REQUIRED ACTION:
Give back an exact copy of the lines in the records below, from the line that has "Loftlampe LANGO 3xE27/60W/230V sort" through the line that has "Base de parasol", and nothing besides.

SUPPLIED DATA:
^^^^^^^^^^^^^^^^

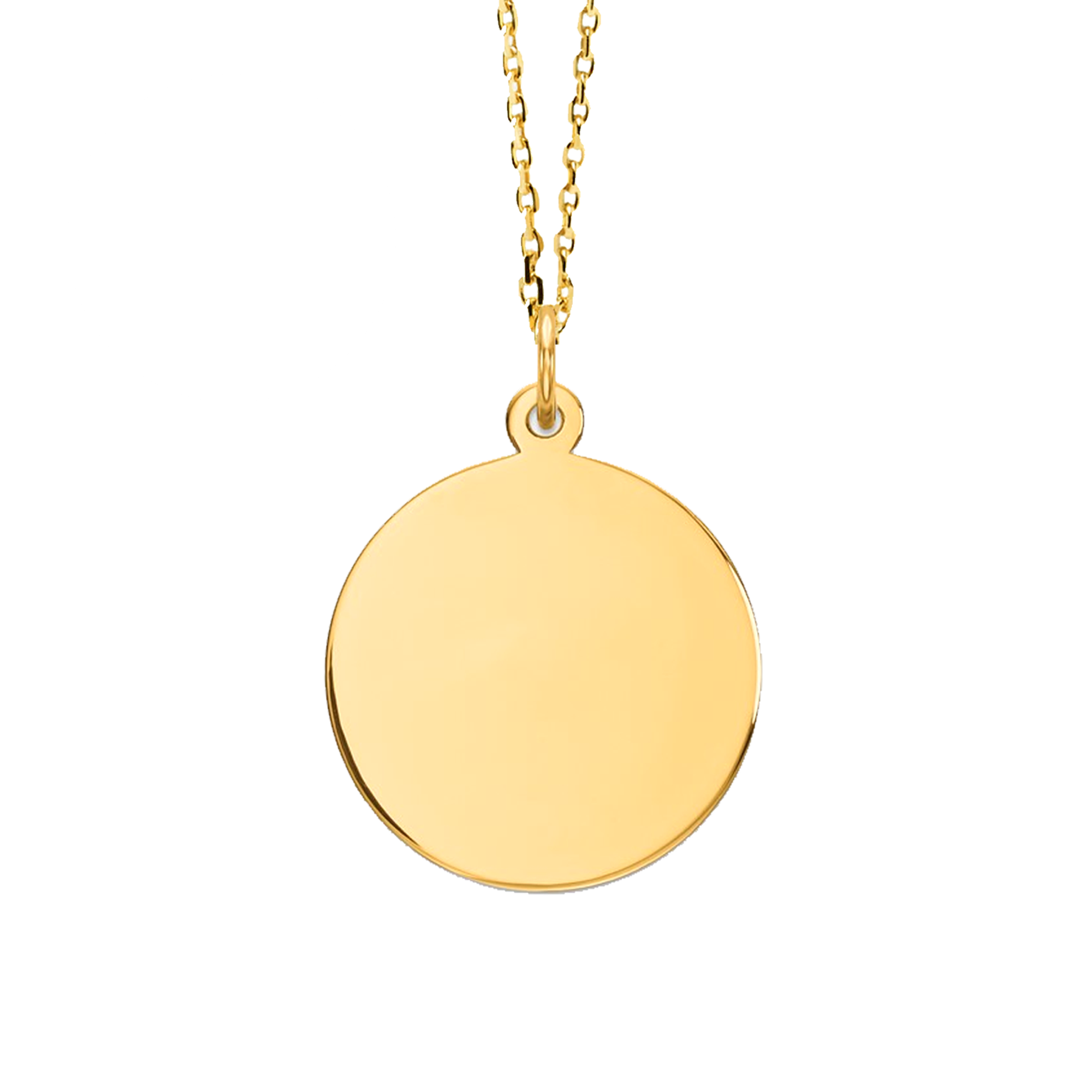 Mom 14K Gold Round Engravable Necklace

^^^^^^^^^^^^^^^^

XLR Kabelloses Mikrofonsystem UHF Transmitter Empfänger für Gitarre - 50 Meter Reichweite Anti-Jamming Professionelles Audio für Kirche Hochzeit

^^^^^^^^^^^^^^^^

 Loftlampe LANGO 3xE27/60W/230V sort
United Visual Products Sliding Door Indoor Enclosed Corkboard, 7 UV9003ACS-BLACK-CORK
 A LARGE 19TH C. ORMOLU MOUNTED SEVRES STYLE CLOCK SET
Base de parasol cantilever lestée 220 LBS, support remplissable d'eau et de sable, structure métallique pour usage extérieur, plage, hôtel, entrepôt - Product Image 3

^^^^^^^^^^^^^^^^

THE ANSWER:
 Loftlampe LANGO 3xE27/60W/230V sort
United Visual Products Sliding Door Indoor Enclosed Corkboard, 7 UV9003ACS-BLACK-CORK
 A LARGE 19TH C. ORMOLU MOUNTED SEVRES STYLE CLOCK SET
Base de parasol cantilever lestée 220 LBS, support remplissable d'eau et de sable, structure métallique pour usage extérieur, plage, hôtel, entrepôt - Product Image 3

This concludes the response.